Panel considers
legislator pay raise

Raises of 2.5 percent to
14.7 percent are being suggested

By Richard Borreca

A new legislative salary commission is considering various plans to give pay raises to the 76 legislators ranging from 2.5 percent to 14.7 percent every two years until 2012.

The suggested raises would then put the salaries at between $40,100 and $46,400 by 2012, depending on what method is used to calculate the increase.

The salary commission meets every eight years to recommend a salary for the legislators. The pay raises go into effect automatically unless two-thirds of each chamber or the governor reject them.

Because the Legislature previously rejected a pay raise, the legislative pay has remained at $32,000 since 1993.

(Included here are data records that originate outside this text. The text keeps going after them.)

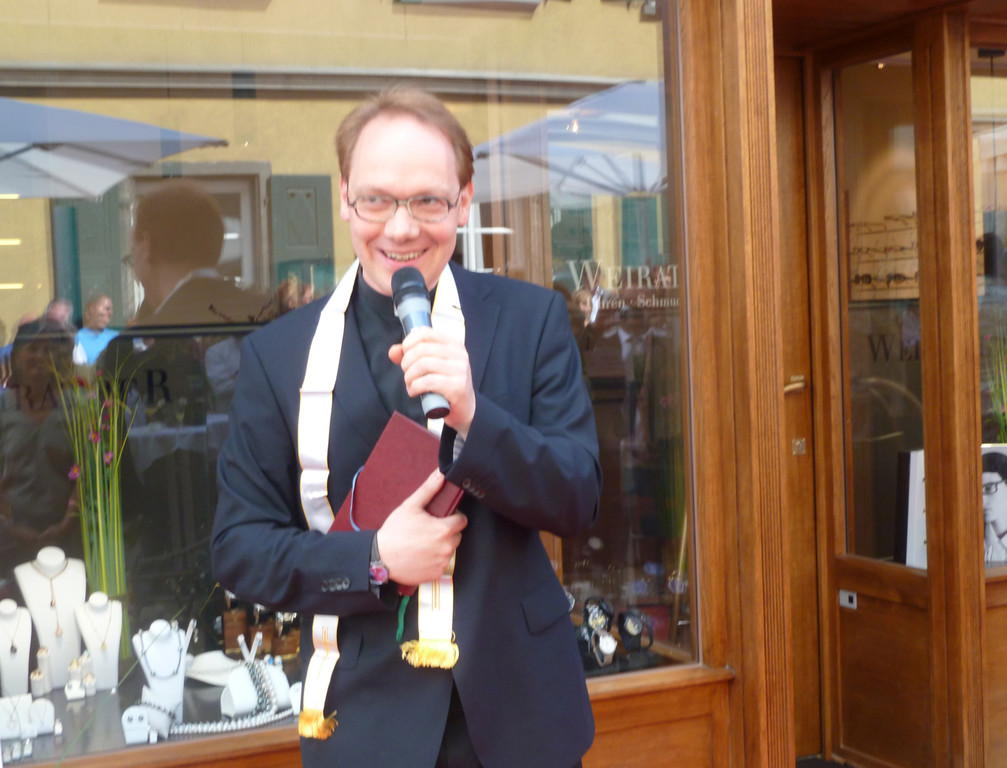 Uhren25aSegnung_jpg-1314043986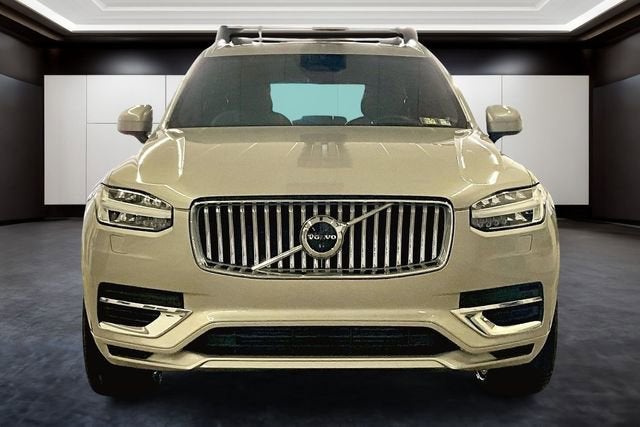 2023 Volvo XC90 Recharge Plug-In Hybrid T8 Ultimate Bright Theme 7-Seater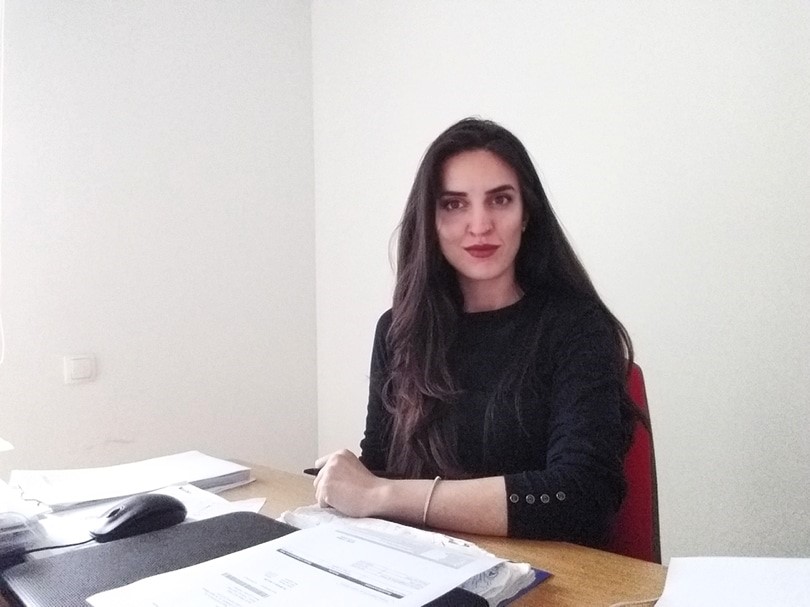 The UBT student Luiza Hoxha has been employed as an architect in DEKORATIV Company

Commission members said in a draft statement, "Legislators are deserving of some form of an increasing salary in 2005, as opposed to maintaining the status quo or imposing a decrease in pay."

The commission must send its recommendations to the Legislature before the legislative sessions ends in May.

Commission members are Warren Daspit, chairman; former state Tax Director Marie Okamura, vice chairwoman; Sharon Narimatsu; Tom Sugita; and former Maui police Chief Howard Tagomori.

The salary increases would be for lawmakers starting in 2005. Commissioners are also recommending that salary increases should occur every two years to coincide with each new legislative cycle.

The commission said it also wanted to retain the $5,000 pay differential above a legislator's salary for the Senate president and speaker of the House.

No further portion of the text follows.